Leach haklıdır; her akım düzeyinde, bileşik bir ürüne giren her akım düzeyinde, ilgili akımlarla ilişkili temel bir dengesizlik vardır. Bu dengesizlik, bir başka akımdan, başka şekilde nitelendirilmiş bir akımdan kesinti yapılarak devamlı surette telafi edilir. Örneğin, tüketim nesnelerini dağıtan kişi ile bunları alan arasındaki dengesizlik bambaşka bir akım üzerinden dengelenir, dağıtanın bir saygınlık kazandığı saygınlık akımı üzerinden [...] Diyeceğim o ki ilkel denen toplumlarda ekonomik birlik, temelde, sonsuz kombinasyonlardır, öyle ki bunlar ve bunların dengesiz işleyişleri sayesinde farklı biçimlerde nitelenen tüm akımları hayata geçirirler ve onun sonlu bileşenlerinden doğan bir borç çevrimi vardır. Bu, borç rejimidir ve ittifaklar/akrabalık sistemi tam olarak bu sonlu borç çevrimini yapılandırır. [5]

Sonlu Borç
Arkaik toplumlardan çıkarken “sonlu borç” tan “sonsuz borç”a geçiş, sonuçları bugün bile hissedilen bir olaydır, çünkü kapitalizm, geri ödemeyi asla bitiremeyecek borçlandırılmış insanın üretilmesi amacıyla bu geçişi kendine mal etmiştir. Gerçekten de, iktidarı “devletler” biçiminde merkezileştiren ve tek elde toplayan, böylece arkaik toplumların sonuna işaret eden büyük imparatorlukların ve “ruhani” iktidarı merkezileştiren ve tek noktada toplayan tektanrıcı dinlerin zuhuru ile birlikte borcun telafisi[6] artık mümkün değildir. Arkaik toplumların sonlu ve hareketli kombinasyonlar sisteminin yerine (“sana sonlu bir ittifak ve akrabalık bloğu oluşturacağım”) sonsuz bir borç rejimi ikame edilir. Hristiyanlık “sonsuzu başımıza dolar”, bu da hiçbir şeyin sonunun getirilmediği, borçlanmanın hayat boyu olduğu bir toplumsal sistem içinde bulunduğumuz anlamına gelir. “Borç, ödemeyi bitiremeyen bir borçlu ile borcun faizlerini tüketemeyen bir alacaklının ilişkisi haline gelir. İlahiliğe karşı borç, topluma karşı borç, devlete karşı borç.”[7]  Bu, Hristiyan dehasının vurduğu bir darbedir, çünkü “kutsal üçlü” kendi içinde borçlu ve alacaklıyı içerir.

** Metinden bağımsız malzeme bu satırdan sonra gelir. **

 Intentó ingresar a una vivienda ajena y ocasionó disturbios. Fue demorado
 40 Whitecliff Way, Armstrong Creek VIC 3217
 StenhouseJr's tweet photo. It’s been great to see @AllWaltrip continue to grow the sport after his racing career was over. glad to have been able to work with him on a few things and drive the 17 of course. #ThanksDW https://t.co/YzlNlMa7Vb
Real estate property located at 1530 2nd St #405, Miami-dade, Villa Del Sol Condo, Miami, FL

Tanrı kendini insanın borcunu ödemek için kurban edecektir; Tanrı’nın kendisi kendine ödeyecektir; insan için ödenmesi/kendini kurtarması (racheter) olanaksız olandan insanı kurtarabilen tek varlık olarak Tanrı-alacaklı kendisini borçlusu için kurban edecektir, sevgisinden dolayı (inanalım mı buna?), borçlusuna olan sevgisinden dolayı! [8]

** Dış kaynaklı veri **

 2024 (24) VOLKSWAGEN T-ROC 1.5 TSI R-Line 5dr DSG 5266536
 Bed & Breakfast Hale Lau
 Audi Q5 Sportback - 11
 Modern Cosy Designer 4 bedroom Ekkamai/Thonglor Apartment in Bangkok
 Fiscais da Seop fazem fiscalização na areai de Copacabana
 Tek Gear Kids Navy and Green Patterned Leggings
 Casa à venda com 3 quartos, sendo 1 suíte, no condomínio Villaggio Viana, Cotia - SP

Hristiyanlık, sonsuzu tekrar işin içine sokarak, daha sonra kapitalizmin mirasçısı olacağı borç sistemini tamamıyla yeniden icat etmiştir. Hristiyanlıktan önceki imparatorluk oluşumlarında, borç sonsuzdu, çünkü “devlet” işleyişleri gereği, arkaik toplumların tersine, artık borç geri ödenemezdi, her zaman eşitsiz olan değiş tokuş tarafından belirlenen iktidar farklılıktan yeniden dengelemezdi. Ama borç hâlâ bireye ve vicdanına “dışsal” kalıyordu. Hristiyanlığın özgüllüğü, bizi sadece borç rejiminin içine yerleştirmekle kalmayıp, dahası “içselleştirilmiş borç” rejimine yerleştirmesinde yatar. “Borçlunun acısı içselleşir, borcun sorumluluğu bir suçluluk duygusu haline gelir.” [9]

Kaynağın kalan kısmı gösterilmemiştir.